How do we begin to explain or define faith for young people who are able to find a rational explanation for everything through technology? The key of course, is not to explain it or define it at all. Faith is caught, not taught; and it ‘ain’t’ for the fainthearted! Faith comes from hanging out with believers. Think about your own early experience—who had the greatest impact on you as a child… as a teen… and now as an adult?

The people who had the greatest influence on me as a child were those who believed in a God and whose experience with God was real, i.e., very personal. God was not simply a transcendent reality, detached from their human experience. The old catechism definition did not turn me on to God. Question: “Who is God?” Answer, “God is the supreme being, infinitely perfect, who made all things and keeps them in existence.” It certainly was an accurate statement, worthy of belief but hardly adequate to explain the nature of God and our relationship with God.

Ultimately, faith is a gift. The theological and more “traditional” word for gift is grace! A people who are gracious are gifted people who are in touch with the rhythm of God’s life. They know and accept who they are in God’s sight. They are comfortable with themselves and with God but not complacent.

It is within this context that I invite you to dive into the Scripture readings today.

At first hearing, it sounds as if Habakkuk is holding the people of Israel responsible for the devastation that has been inflicted upon them. He was ruthless in his chastisement. But then he moved quickly to words of reassurance: that God would hold them up and they would not be conquered by evil. The righteous live by faith, not by sight. They needed to look beyond the present moment to see the hand of God not in evil but in goodness.

Timothy is urged by Paul to “stay with it!” i.e., to stay the course, to remain faithful. Faith is a “high maintenance” gift. It doesn’t grow on trees and it doesn’t grow on its own. It has to be nourished in a very personal way by prayer, worship, and service. Actually, God nurtures it. We just need to open the window of our souls. Authentic faith empowers us not just to believe, but to live our beliefs. One author put it this way: “A true believer is faithfulness in overhalls!” How true!

Luke’s gospel is a collection of sayings. We need to be careful about its interpretation. If we live in God and God lives in us, then we will take on the words and deeds of Jesus because God will also have become incarnate in our own lives. When we live life from the center, we are just doing what is second nature to us—or should I say, first nature. We do not expect or need to be thanked.

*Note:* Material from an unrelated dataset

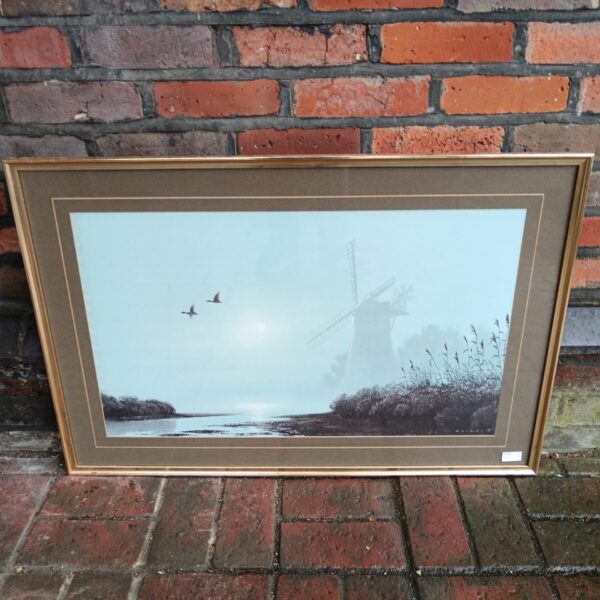 Large Gerald Coulson print of a mill in the mist landscape.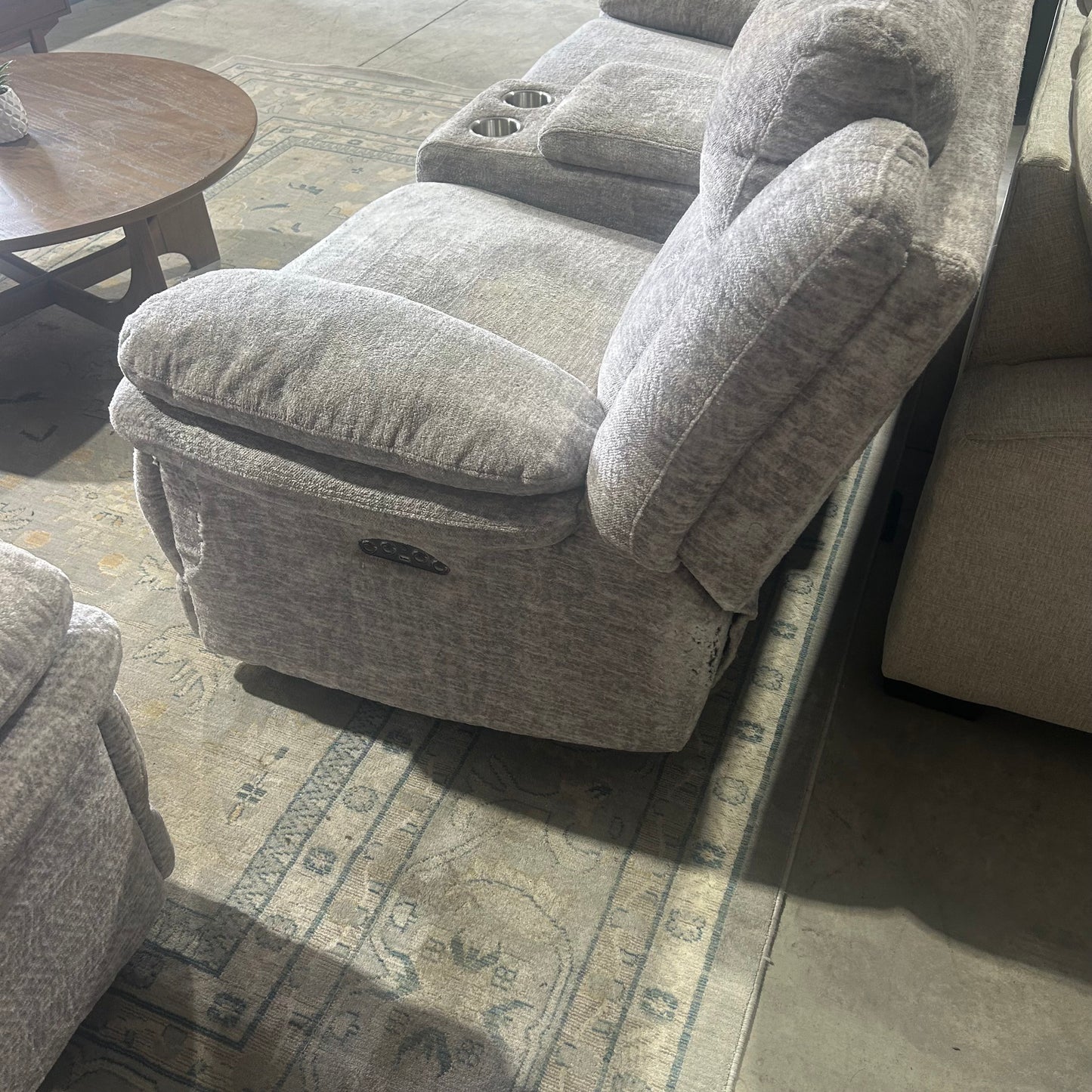 Light Gray Electric Reclining Sofa Set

Faith is indeed caught, not taught. We catch it from people who run into burning buildings to rescue other people. We catch it from people who walk for hunger or for AIDS or work in soup kitchens; people who live integrity in the marketplace and who know what it’s like to be bread blessed and broken for others; we catch it from people who know are persistent in their response to evil, never giving in to hatred but always finding a way around defeat, sustained by the vision of glory that comes to us by living in Christ.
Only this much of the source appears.